Lolly and Sharky here to say "HI! READ OR ELSE."

Well . . . yeah.

Love us.

And read.


'I hope you haven't gone vegan,' Andy grinned at me cheerfully as he set down a steaming hot tray of - surprise, steaming hot beef, swimming in a scrumptious looking gravy. I smiled, 'No, I am still a self-admitted cow eater.' I picked up my fork, approaching the slices of beef -

When, from all sides of me, many other forks began to attack my sacred cow.

Noooooooooo . . .

Doc, Dopey and Sleepy quickly scabbed large helpings of Andy's famous roast beef, leaving a great deal of the bottom of the tray showing.

'And to think, I was hoping you would all turn Hindu,' I shook my head at them solemnly, as they all made a dive for the baked potatoes, and the peas. I took lovely helpings of all the food, and poured gravy over everything.

Mum smiled at me. 'So how was your day, Susie?'

. . . What a stereotypical way to start a conversation.

'Oh, you know, met with a couple of my gang members and we decapitated another historical statue,' I shrugged lightly, throwing a playful look over at Sleepy, who choked on his creamy cauliflower.

'Suze,' Mum said in disapproval, casting me a warning glance.

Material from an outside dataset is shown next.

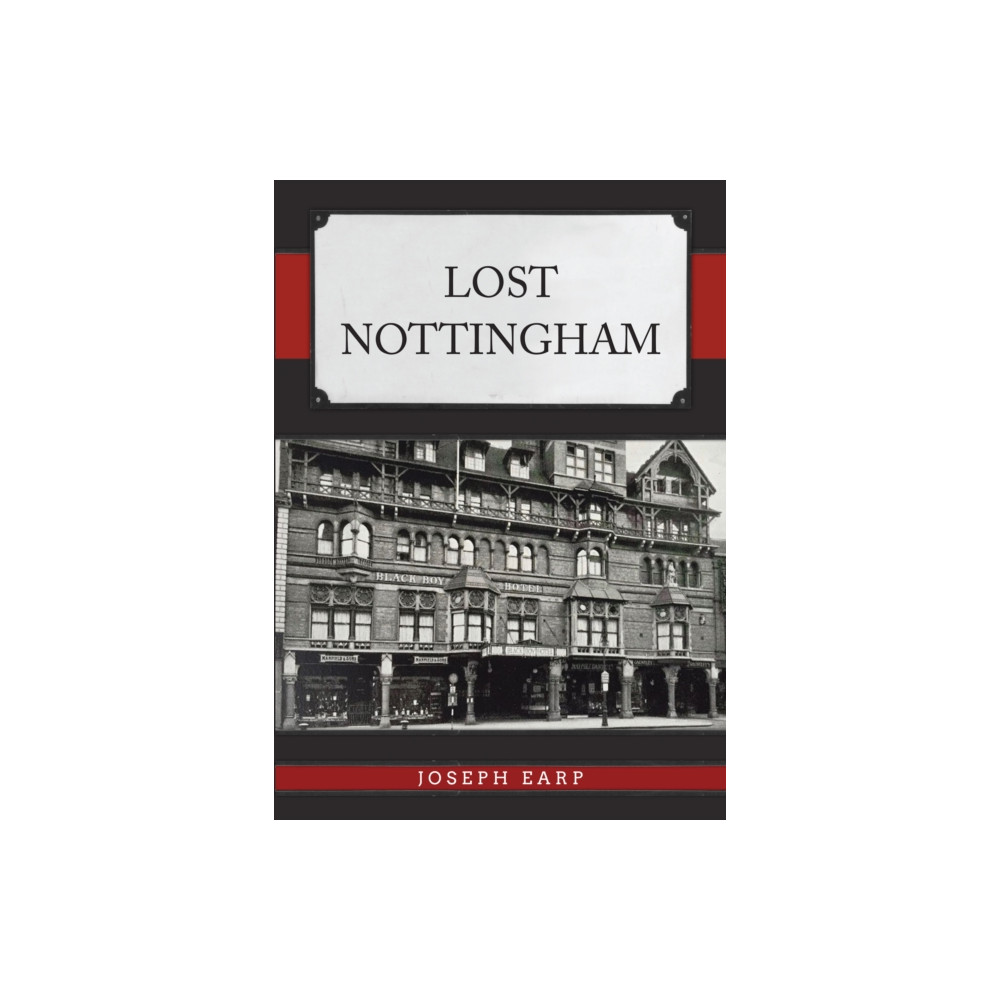 Produktbild för Lost Nottingham (häftad, eng)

'No, I'm serious,' I nodded earnestly. 'We're thinking of calling ourselves the Gothic Gorillas. We were leaning towards Spice Girls, but that was taken.'

Dopey rolled his eyes.

'Or, you know, maybe we should just settle for the Night People, where I'd be their queen - ' I started, but Mum glared.

Doc masticated some cow in his mouth, unaware of the delightful sight that was displayed to all - beef, gravy, and saliva, rolling around his tongue in between his teeth. 'That's what Brad calls you,' he said to me. There was a slight jerk at the table, at which Doc winced, and Brad glared at his little brother, grasping the edges of his plate as if to say 'SHUT THE HELL UP, DWEEB.'

'Brad,' Mum frowned, gracefully sawing her food with her knife, and daintily plopping it in her mouth with her fork.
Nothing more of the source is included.